I was wondering if there is an agreed behaviour for Clang compiled
Objective C when making a method call on a nil object? If so, does
this define exactly what should be returned in all cases, or are any
cases left as "undefined"?

With releases 3.1, 3.2 and 3.3 I've been finding some variation
between very subtly different simple cases when the method called
returns a C structure by value.

For example, given this class:

    typedef struct {
        int x;
        int y;
        int z;
    } Vec3;

    @interface Fuzz : NSObject {
        Vec3 data;
    }
    @property Vec3 data;
    @end

    @implementation Fuzz
    @synthesize data;
    @end

This code will leave the variable "vec" uninitialised:

    Fuzz * obj = nil;
    Vec3 vec = obj.data;

Whereas this code will initialise the fields of "vec" all to zero:

    Fuzz * obj = nil;
    Vec3 vec;
    vec = obj.data;

I've studied the assembly code generated for x86 and ARM both in
unoptimised and optimised builds, and it would appear that return
value optimisation is applied regardless in the first example (even
with -O0).

This results in "vec" remaining uninitialised as though it generates
an initialised temporary on the stack, it is never copied into "vec"
nor is "vec" explicitly initialised to zero if obj is nil.
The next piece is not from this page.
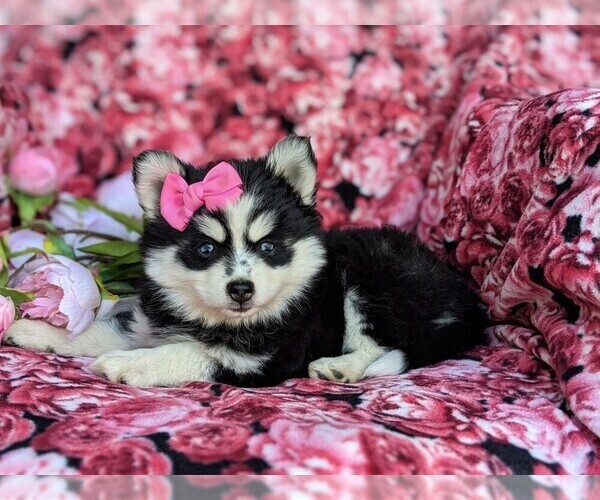 Medium Photo #4 Pomsky Puppy For Sale in CHRISTIANA, PA, USA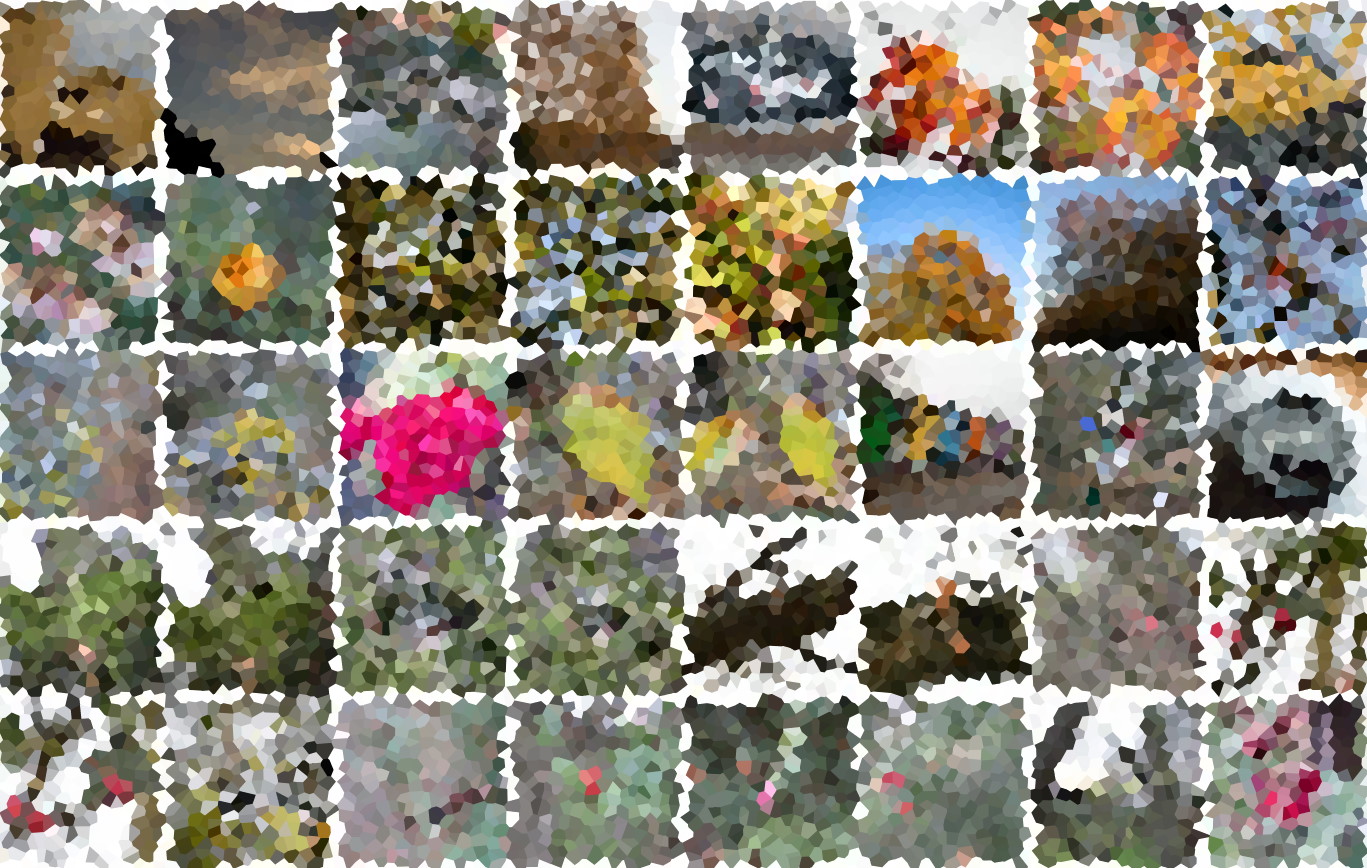 Hallo Welt, der neue Bilderblog als Nebenprojekt ist online.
If obj is not nil, obviously the returned values go straight into vec
as one would expect with RVO.

Nick Tuckett <nick.tuckett@...> writes:

I was wondering if there is an agreed behaviour for Clang compiled
Objective C when making a method call on a nil object? If so, does
this define exactly what should be returned in all cases, or are any
cases left as "undefined"?

With releases 3.1, 3.2 and 3.3 I've been finding some variation
between very subtly different simple cases when the method called
returns a C structure by value.

For example, given this class:

    typedef struct {
        int x;
        int y;
        int z;
    } Vec3;

     <at> interface Fuzz : NSObject {
        Vec3 data;
    }
     <at> property Vec3 data;
     <at> end

     <at> implementation Fuzz
     <at> synthesize data;
     <at> end

This code will leave the variable "vec" uninitialised:

    Fuzz * obj = nil;
    Vec3 vec = obj.data;

Whereas this code will initialise the fields of "vec" all to zero:

    Fuzz * obj = nil;
    Vec3 vec;
    vec = obj.data;

I've studied the assembly code generated for x86 and ARM both in
unoptimised and optimised builds, and it would appear that return
value optimisation is applied regardless in the first example (even
with -O0).

This results in "vec" remaining uninitialised as though it generates
an initialised temporary on the stack, it is never copied into "vec"
nor is "vec" explicitly initialised to zero if obj is nil.

If obj is not nil, obviously the returned values go straight into vec
as one would expect with RVO.

I have been investigating this. It only happens in the -fgnu-runtime,
the Next runtime appears to handle it correctly in both the double and
triple line cases. (In so far as the aggregate is cleared when called with
a nil pointer).

The fact it works correctly in the three line case with gnu runtime appears
to be an unintended side effect of uncertainty about pointer aliasing.
Specifically AggExprEmitter::EmitMoveFromReturnSlot in CGExprAgg.cpp
will emit directly into the return slot unless the pointer could be aliased,
as it could be in the 3 line case.

This optimisation is fine, except in the case of ObjC nil receivers.

BTW: I notice that even in cases where the return by value is elided into
the return value, space is redundantly reserved and cleared for a copy
of the aggregate (gnu runtime), which is then never used. Clearly the
assumption is that it is supposed to always be used.